Johanna is a precocious teenage misfit whose only friends are her two brothers (one older, one much younger) and her dog. Her family is in dire circumstances, on the dole because dad has a mystery ailment most often coped with by booze and pills. Mom’s super depressed because, well, they’re poor and she just had a surprise set of twins. Johanna is lonely and horny and bored and said something stupid to someone nearby and thus convinced the family will be plummeted further into poverty when the government investigates them.

So she invents Dolly Wilde, becomes obsessed with music, and lands herself a recurring gig as a reviewer for Disc & Music Echo. Because she is a socially awkward teen Johanna lubricates herself with alcohol and cigarettes and acts the way she things wild(e) rock & roll reviewers act. It is hilarious and awful and awkward, wand wonderful for the reader.

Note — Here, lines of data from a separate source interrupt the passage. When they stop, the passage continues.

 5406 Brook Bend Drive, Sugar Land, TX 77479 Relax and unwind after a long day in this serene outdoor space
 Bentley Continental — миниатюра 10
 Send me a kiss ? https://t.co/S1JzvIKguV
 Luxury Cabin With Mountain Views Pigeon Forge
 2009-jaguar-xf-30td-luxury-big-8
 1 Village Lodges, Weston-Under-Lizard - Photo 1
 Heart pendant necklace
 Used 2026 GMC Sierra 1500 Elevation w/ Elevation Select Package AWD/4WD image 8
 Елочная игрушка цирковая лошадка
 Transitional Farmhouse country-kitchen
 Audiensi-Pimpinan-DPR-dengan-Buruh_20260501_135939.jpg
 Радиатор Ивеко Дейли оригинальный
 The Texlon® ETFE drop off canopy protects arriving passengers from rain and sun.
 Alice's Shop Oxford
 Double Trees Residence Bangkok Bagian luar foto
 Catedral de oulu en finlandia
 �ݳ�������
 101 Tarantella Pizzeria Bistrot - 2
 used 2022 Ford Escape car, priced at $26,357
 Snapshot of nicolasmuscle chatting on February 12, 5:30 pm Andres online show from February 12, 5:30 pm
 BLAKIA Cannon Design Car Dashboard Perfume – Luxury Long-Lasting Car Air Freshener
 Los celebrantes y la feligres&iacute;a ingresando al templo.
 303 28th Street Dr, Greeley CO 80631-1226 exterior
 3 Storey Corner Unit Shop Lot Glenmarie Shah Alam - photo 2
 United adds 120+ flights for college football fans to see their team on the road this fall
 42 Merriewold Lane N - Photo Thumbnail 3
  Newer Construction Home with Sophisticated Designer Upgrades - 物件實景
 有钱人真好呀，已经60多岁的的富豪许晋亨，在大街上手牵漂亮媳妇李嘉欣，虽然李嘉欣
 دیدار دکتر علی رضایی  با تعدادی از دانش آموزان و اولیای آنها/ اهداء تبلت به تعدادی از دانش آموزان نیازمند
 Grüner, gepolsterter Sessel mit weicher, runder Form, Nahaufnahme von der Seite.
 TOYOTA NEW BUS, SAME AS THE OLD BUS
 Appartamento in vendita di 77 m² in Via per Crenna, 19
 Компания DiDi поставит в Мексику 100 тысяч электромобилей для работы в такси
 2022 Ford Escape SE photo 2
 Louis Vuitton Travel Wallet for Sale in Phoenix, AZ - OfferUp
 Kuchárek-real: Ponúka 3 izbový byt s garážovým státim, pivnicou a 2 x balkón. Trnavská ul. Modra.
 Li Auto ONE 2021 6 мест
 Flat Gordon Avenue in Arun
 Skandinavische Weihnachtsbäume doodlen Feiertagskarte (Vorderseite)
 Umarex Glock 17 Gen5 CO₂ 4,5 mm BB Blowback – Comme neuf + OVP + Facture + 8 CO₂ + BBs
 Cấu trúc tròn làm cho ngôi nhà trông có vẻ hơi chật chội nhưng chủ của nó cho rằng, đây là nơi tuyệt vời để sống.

She brings a bottle of Mad Dog 20/20 to the D&ME office and I wanted to die for her.

There isn’t a lot of plot or story to this one, it’s pretty episodic with Johanna madcapping her way through various situations both personal and professional. I guess, this losing of dole money is supposed to be some sort of underlying thread, but Johanna’s family who looms large in the first part of the book, disappear for a good chunk of it only to return in the end.

I had two pretty big problems with this one.

First, it feels like two or three books jammed together and they don’t sit side by side in perfect harmony. We have the family situation and we have Johanna trying to figure out what kind of girl she is in the London music scene situation. Oh, did I mention that he dad is a failed musician keen on getting his big break? He is. The fact that the family disappears for a good chunk of the is proof the two stories aren’t jiving well together.

Second, while Moran is a wonderful writer, both funny and poignant, I don’t know if she’s such a good novelist. The story is told in the present tense though grown-up “Johanna” often interjects herself into the present tense narrative. “Years later this all works out,” she’ll say. After emotionally significant moments, we’re treated to what can only be adult Johanna’s thoughts on the topic at hand: sex, music, feminism, fandom, what have you. These are little mini-essays that can only come from someone with much more life experience than our teen protagonist. While they’re nicely-written, smart, etc. it just feels like, well, an essay jammed into the middle of a novel and not part of the story at hand.

It’s a damn shame too, because Johanna is a character who deserves a better book and her own story that doesn’t so closely mimic the author’s actual life. And it’s a double damn shame because Moran is a great writer, I can see why she has legions of fans, but this one which had the potential to be fantastic was just sort of okay.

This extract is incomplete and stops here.